Le cercueil est d'abord transporté jusqu'à une ferme isolée dans la région parisienne, où il est dissimulé dans une grange. Puis, il est transféré dans un garage à Saint-Ouen, appartenant à un sympathisant de la cause. Les ravisseurs prennent toutes les précautions nécessaires pour préserver l'intégrité du cercueil et éviter qu'il ne soit endommagé.

 

 

Leur plan initial est de transporter le cercueil jusqu'à Verdun, lieu symbolique de la Première Guerre mondiale, où ils envisagent de l'inhumer solennellement. Mais face à la pression policière et à la médiatisation de l'affaire, ils sont contraints de revoir leurs plans. Le risque de se faire repérer est trop grand.

 

Un dénouement inattendu

L'enquête policière progresse rapidement. Grâce à des témoignages et à des filatures, les enquêteurs parviennent à identifier les principaux suspects. Des mandats d'arrêt sont lancés contre Hubert Massol, Jean-Louis Tixier-Vignancour et plusieurs de leurs complices.

Le 21 février 1973, trois jours après le vol, la police retrouve la trace du cercueil dans un garage de Saint-Ouen. Une opération est immédiatement lancée pour arrêter les ravisseurs et récupérer la dépouille du maréchal. L'intervention se déroule sans heurts. Les ravisseurs, surpris par l'arrivée des policiers, n'opposent aucune résistance.

Le cercueil de Pétain est immédiatement transporté sous escorte policière jusqu'à l'île d'Yeu. Il est ré-inhumé dans sa tombe dès le lendemain, en présence d'un important dispositif de sécurité. L'affaire du vol du cercueil de Pétain s'achève ainsi, sur une note d'étrangeté et d'incrédulité.

 

 

Réactions et conséquences

Le vol du cercueil de Pétain provoque un véritable séisme dans la société française. Les réactions sont vives et contrastées. Une partie de l'opinion publique condamne fermement cet acte, le qualifiant de "profanation" et de "sacrilège". D'autres, en revanche, y voient un "acte de patriotisme" et une "réhabilitation" de la figure du maréchal.

L'affaire relance le débat sur le rôle de Pétain pendant la Seconde Guerre mondiale. Faut-il le considérer comme un héros national, sauveur de la France en 1916 à Verdun, ou comme un traître ayant collaboré avec l'ennemi nazi ? La question divise profondément les Français et les historiens.

Le procès des ravisseurs s'ouvre quelques mois plus tard. Hubert Massol et ses complices sont condamnés à des peines de prison avec sursis.

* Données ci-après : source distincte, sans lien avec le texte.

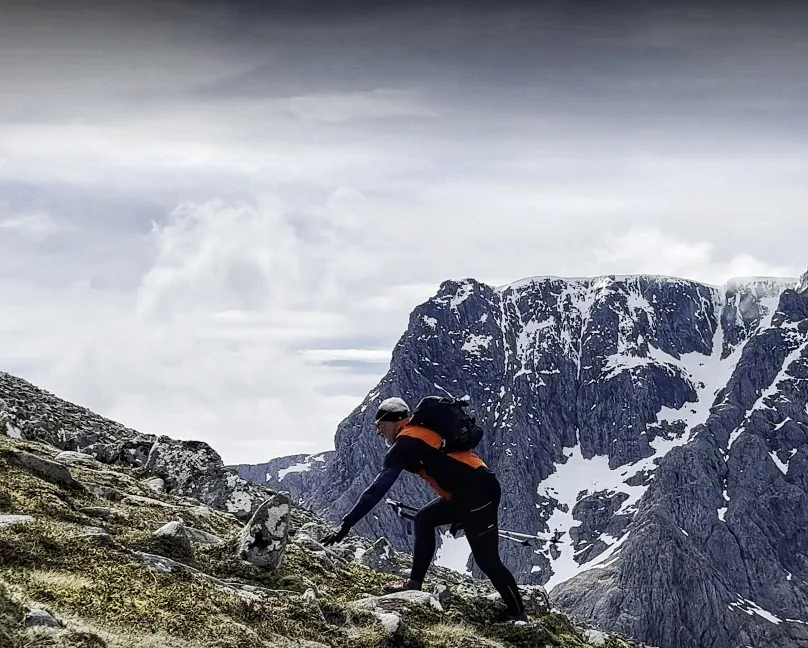 Tony climbing a rocky ridge in the Scottish mountains
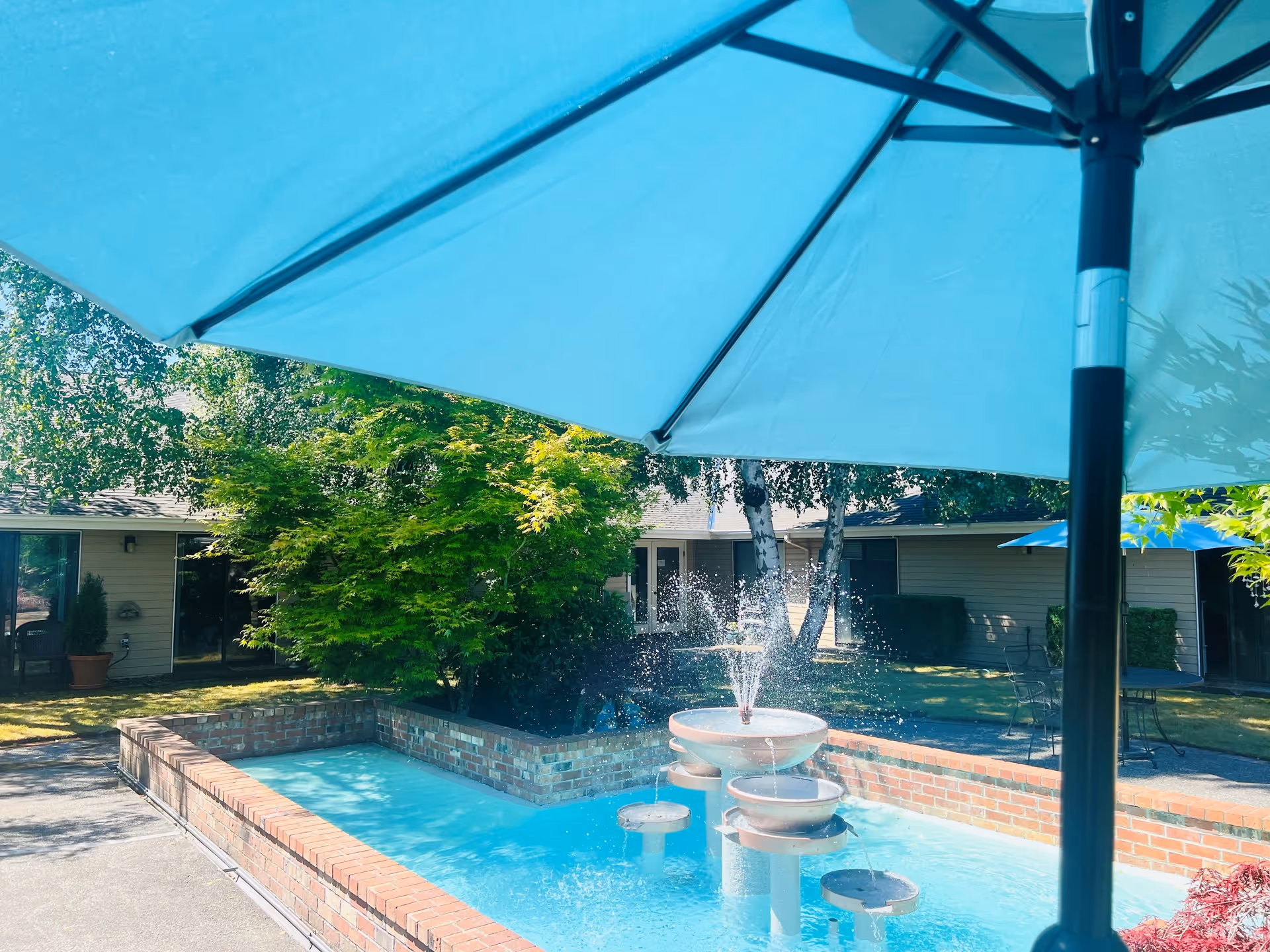 Outdoor courtyard area at Cap Sante Court Retirement Community featuring a brick-lined water fountain with multiple tiers spraying water, surrounded by greenery and trees. A large blue patio umbrella is partially visible in the foreground, shading part of the seating area.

Le tribunal reconnaît leur "intention patriotique", mais condamne fermement leur "méthode illégale". Quant à Jean-Louis Tixier-Vignancour, il échappe au procès car les enquêteurs n'ont trouvé aucune preuve de son implication dans ce délit. De 2009 à 2020, Hubert Massol a été le président de l'Association pour défendre la mémoire du Maréchal pétain.

 

 

L'affaire du vol du cercueil de Pétain laisse une trace indélébile dans l'histoire de France. Elle témoigne des tensions et des divisions qui traversent encore la société française sur la question de la collaboration et de la mémoire de la Seconde Guerre mondiale.